Decision fatigue is real. You aren’t crazy for feeling like “What’s for dinner?” is a monumental question.
You only have so much mental energy, and – like most people – your daily demands are more than using it up. You may be running the team meeting or coordinating the PTA group with ease in the morning, but feel like your brain is a useless blob by evening time.
Here are 4 ways to ward off decision fatigue:
You can’t commit to everything. Whoever said, “anything worth doing is worth doing well” had it wrong. Not everything deserves your best effort. If you are a perfectionist, that is particularly hard to digest.
Determine at the beginning of the day – when you’re fresh – what you commit to doing, what you intend to do, and what you will attempt to do. Focus your energy to the 1st set of priorities and “let the chips fall where they may” in the other categories.
2) Just say no.
Really. Just say no. It can take practice, but once you get the hang of this powerful two-letter word, it will be cathartic. Decide what’s most important in your life and say no to the rest. Are you going through a major project at work? Say no to the book club. Are you planning a major family vacation? Say no to coaching a sport this season. Though there’s pressure to be all things to all people, it’s a completely impossible goal.

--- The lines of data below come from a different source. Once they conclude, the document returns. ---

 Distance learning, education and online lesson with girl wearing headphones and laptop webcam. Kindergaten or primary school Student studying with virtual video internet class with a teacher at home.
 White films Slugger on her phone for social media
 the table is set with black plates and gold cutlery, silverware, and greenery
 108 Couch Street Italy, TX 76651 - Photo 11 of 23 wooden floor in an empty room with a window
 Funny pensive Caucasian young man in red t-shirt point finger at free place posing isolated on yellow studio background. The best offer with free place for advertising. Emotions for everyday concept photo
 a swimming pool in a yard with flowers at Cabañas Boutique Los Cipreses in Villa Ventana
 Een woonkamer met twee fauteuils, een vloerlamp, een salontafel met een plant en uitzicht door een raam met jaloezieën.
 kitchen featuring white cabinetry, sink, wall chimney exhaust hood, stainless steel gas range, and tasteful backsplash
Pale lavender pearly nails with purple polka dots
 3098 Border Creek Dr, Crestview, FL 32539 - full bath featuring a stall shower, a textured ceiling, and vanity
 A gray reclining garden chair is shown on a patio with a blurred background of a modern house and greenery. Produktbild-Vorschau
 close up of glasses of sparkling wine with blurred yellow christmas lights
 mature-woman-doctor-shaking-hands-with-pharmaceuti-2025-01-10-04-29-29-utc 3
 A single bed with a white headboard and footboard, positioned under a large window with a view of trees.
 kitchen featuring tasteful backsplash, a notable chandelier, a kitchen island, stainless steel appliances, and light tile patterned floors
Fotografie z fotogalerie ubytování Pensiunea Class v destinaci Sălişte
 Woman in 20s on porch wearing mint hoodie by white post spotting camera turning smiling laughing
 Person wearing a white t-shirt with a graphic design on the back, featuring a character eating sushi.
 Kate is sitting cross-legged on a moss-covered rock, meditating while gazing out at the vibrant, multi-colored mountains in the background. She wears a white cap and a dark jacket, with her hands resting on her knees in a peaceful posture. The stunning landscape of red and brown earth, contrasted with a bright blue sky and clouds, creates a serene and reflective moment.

The best way to avoid decision fatigue is to not decide at all! If there is someone else willing and capable of making the decision, by all means, pass along the responsibility. If you are a control freak like me, this is hard. But again, practice makes perfect. Remind yourself that control does not equate with quality. There are others equipped to make a higher quality decision than you…particularly if you are already maxed out.
4) Develop habits.
Ever wonder why you do your best thinking in your shower? Bathing is a daily habit. Thus, it requires no mental effort. Your mind is free to wonder. I bet if you reversed your shower routine, you’d have to devote much more energy to the task.
Develop a habit to eliminate as many of the menial decisions as possible. If “What’s for dinner?” is triggering a nightly melt down and a hoarding of boxed macaroni and cheese, then develop a dinner schedule. Monday’s meal habit: pizza night. If grocery shopping seems to take hours, develop a habit. Walk the store in a similar pattern each time and keep a consistent list. Can’t figure out how to run the meeting? Develop a habit. Have a go-to template for facilitating a work group.
Here’s the point:
The demands of 21st century American culture are so high that self-preservation requires a give and take. The most successful people – in their careers and personal lives – know what they do best, allocate their time wisely, and let go of the rest.